Monday, April 15, 2019

Pin It

Widgets

Day Nine: Best Actress, 1961

The performances nominated for Best Actress at the 1961 Oscars are iconic, career-changing, and, at least in one case, confusing. The nominees, after the jump.
Audrey Hepburn as Holly Golightly
Breakfast at Tiffany's
*****
fourth of five nominations, past winner; Golden Globe Nomine for Best Actress - Musical / Comedy

Hepburn's performance is full of purposeful calculation, from her handling of props to the heightened accent she uses around flatterers. It makes Holly's less-calculated moments more indelible: do I detect a slight, tell-tale twang when she talks about her brother?

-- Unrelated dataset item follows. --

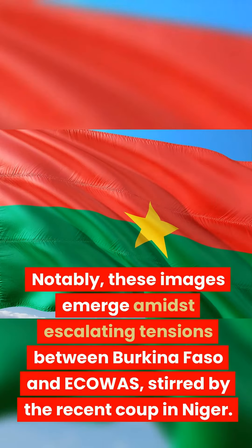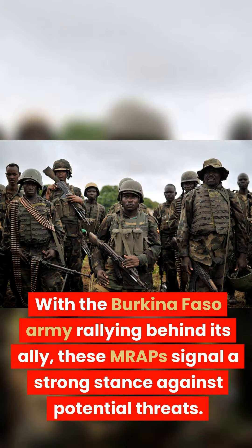Notably, these images emerge amidst escalating tensions between Burkina Faso and ECOWAS, stirred by the recent coup in Niger. With the Burkina Faso army rallying behind its ally, these MRAPs signal a strong stance against potential threats.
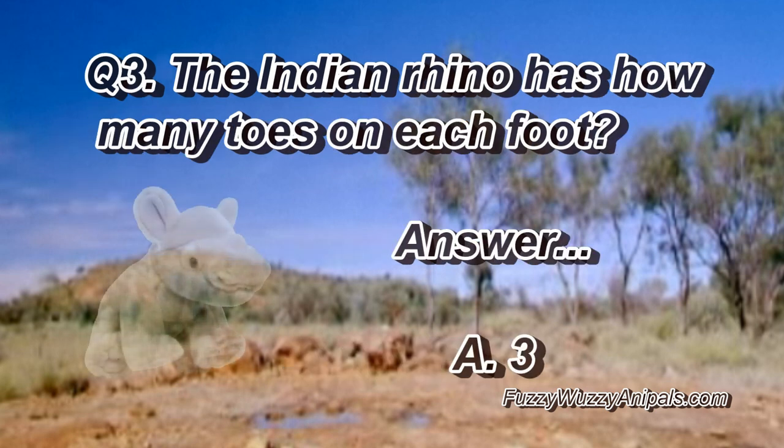Question three. The Indian rhino has how many toes on each foot? Answer: A, three.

Piper Laurie as Sarah Packard
The Hustler
*****
first of three nominations; BAFTA Award Nominee for Best Foreign Actress, NYFCC Runner-Up for Best Actress

Borderline supporting, but once she enters the film, the entire energy changes. Laurie's voice sells the hardness of Sarah's character; you hear the life she's led. She has a firm handle on Sarah as enabler, cheerleader and wreckage. She had me at, "You're too hungry"; she broke me with, "You're not a loser, Eddie. You're a winner."


Sophia Loren as Cesira
Two Women
****
first of two nominations; BAFTA Award Winner for Best Foreign Actress, Cannes Winner for Best Actress, NYFCC Winner for Best Actress

An unfussy, natural performance - compare this to her turns in El Cid and The Millionairess, you see the difference when she's used for her talent, not just her beauty. She's still sensual, but carries herself more comfortably; she's also much funnier, magnetic.


Geraldine Page as Alma Winemiller
Summer and Smoke
**
second of eight nominations; Golden Globe Winner for Best Actress - Drama, NBR Winner for Best Actress, NYFCC Runner-Up for Best Actress

All pursed lips and fluttery intonations. Why does everyone in this movie act like their only exposure to people was watching 30 seconds of a panel show? Interesting, imitate-able, a choice - but not great.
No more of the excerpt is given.